- Education: Cornell University (Ph.D., M.S.) Massachusetts Institute of Technology (B.S.)
- Known for: Advanced computational techniques for PDE-based applications Adaptive mesh refinement
- Awards: Elected National Academy of Sciences (2012) SIAM/ACM prize (2003) Sidney Fernbach Award (2005) SIAM Fellow (2009)
- Scientific career
- Fields: Mathematics Scientific computing
- Workplaces: Lawrence Berkeley National Laboratory
- Doctoral advisor: Lawrence Payne

= John B. Bell (mathematician) =

American mathematician

John B. Bell is an American mathematician and the Chief Scientist of the Computational Research Division at the Lawrence Berkeley National Laboratory. He has made contributions in the areas of finite difference methods, numerical methods for low Mach number flows, adaptive mesh refinement, interface tracking and parallel computing. He has also worked on the application of these numerical methods to problems from a broad range of fields, including combustion, shock physics, seismology, flow in porous media and astrophysics.

==Career==
Bell received his Ph.D. from Cornell University in 1979. Following a three-year stint at the Naval Surface Weapons Center, he spent four years at Exxon Production Research, where he was the group leader of the Applied Mathematics Group in the Long Range Research Division. He worked at Lawrence Livermore National Laboratory from 1986 until 1996, when he joined Lawrence Berkeley National Laboratory. He is currently the Chief Scientist in LBNL's Computational Research Division of the Computing Sciences Area.
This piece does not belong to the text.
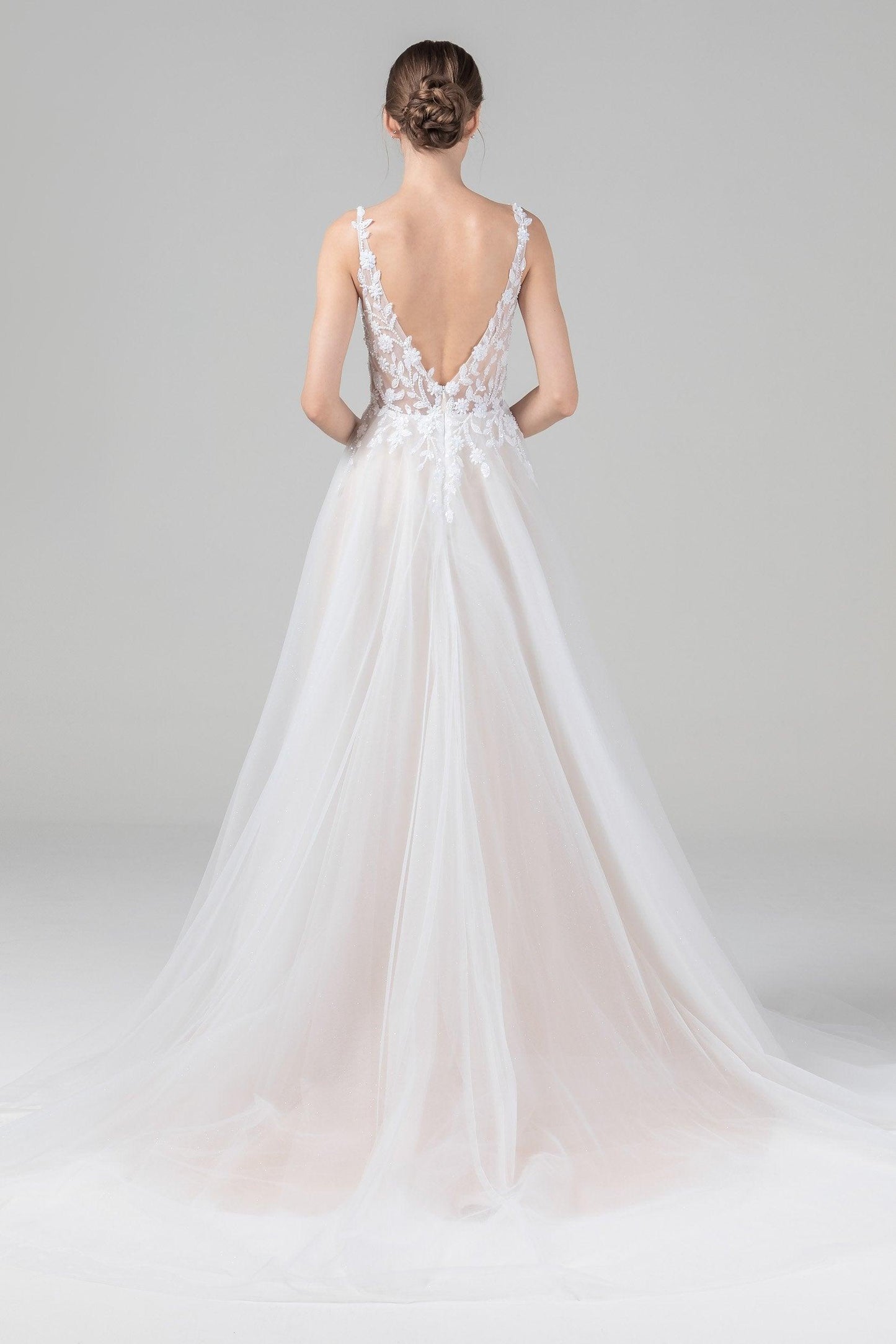 A-Line Court Train Tulle Lace Wedding Dress CW2585CR - COCOMELODY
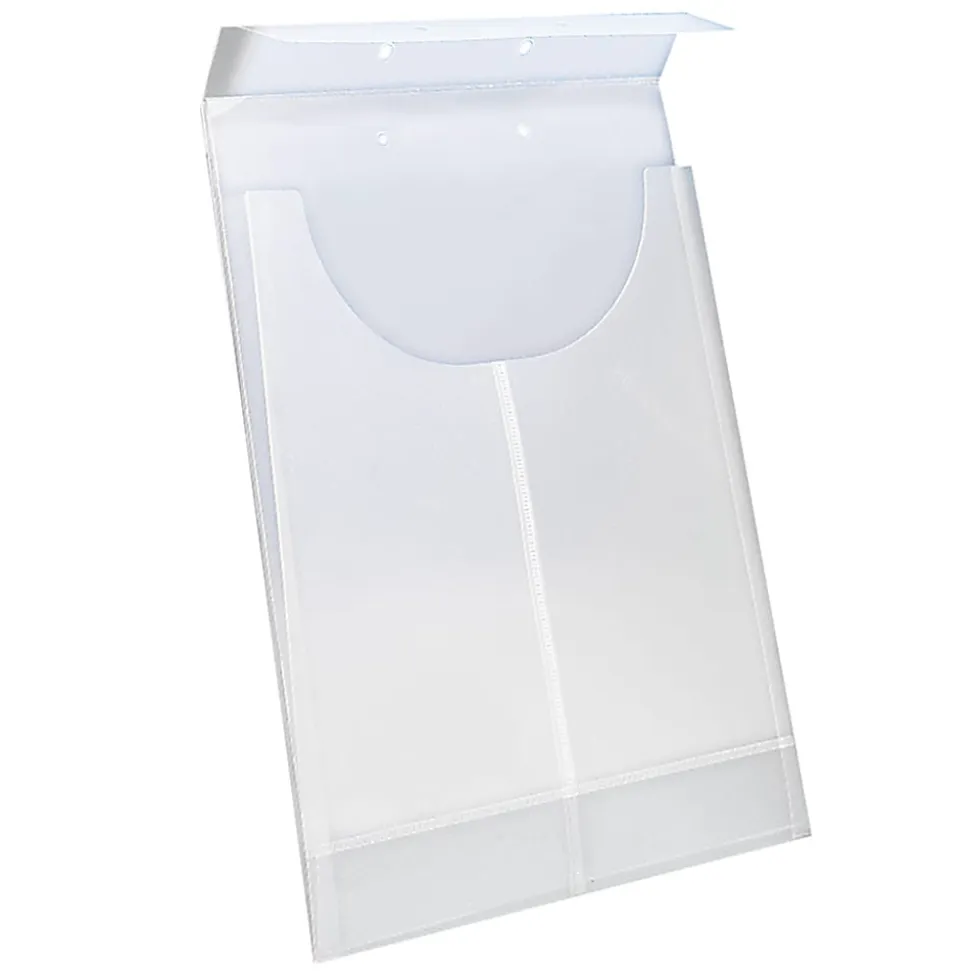 Smead 2-Hole Punched Poly Retention Jacket, Letter/Legal, Clear, Box of 24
He was one of the founders and is the current managing editor of Communications in Applied Mathematics and Computational Science (CAMCOS).

==Awards and honors==
In 2018, Bell received the Berkeley Lab Prize Lifetime Achievement Award for "intellectual and strategic leadership in applied mathematics at LBNL, and for design and development of sophisticated numerical strategies to address critical scientific problems in support of DOE’s research missions.". In 2012, Bell was elected to the National Academy of Sciences. He is also a Fellow of the Society for Industrial and Applied Mathematics (SIAM). He is the recipient of the Sidney Fernbach Award from the IEEE Computer Society in 2005, given each year to one person who has made "an outstanding contribution in the application of high performance computers using innovative approaches. He also received the SIAM/ACM prize for computational science and engineering in 2003.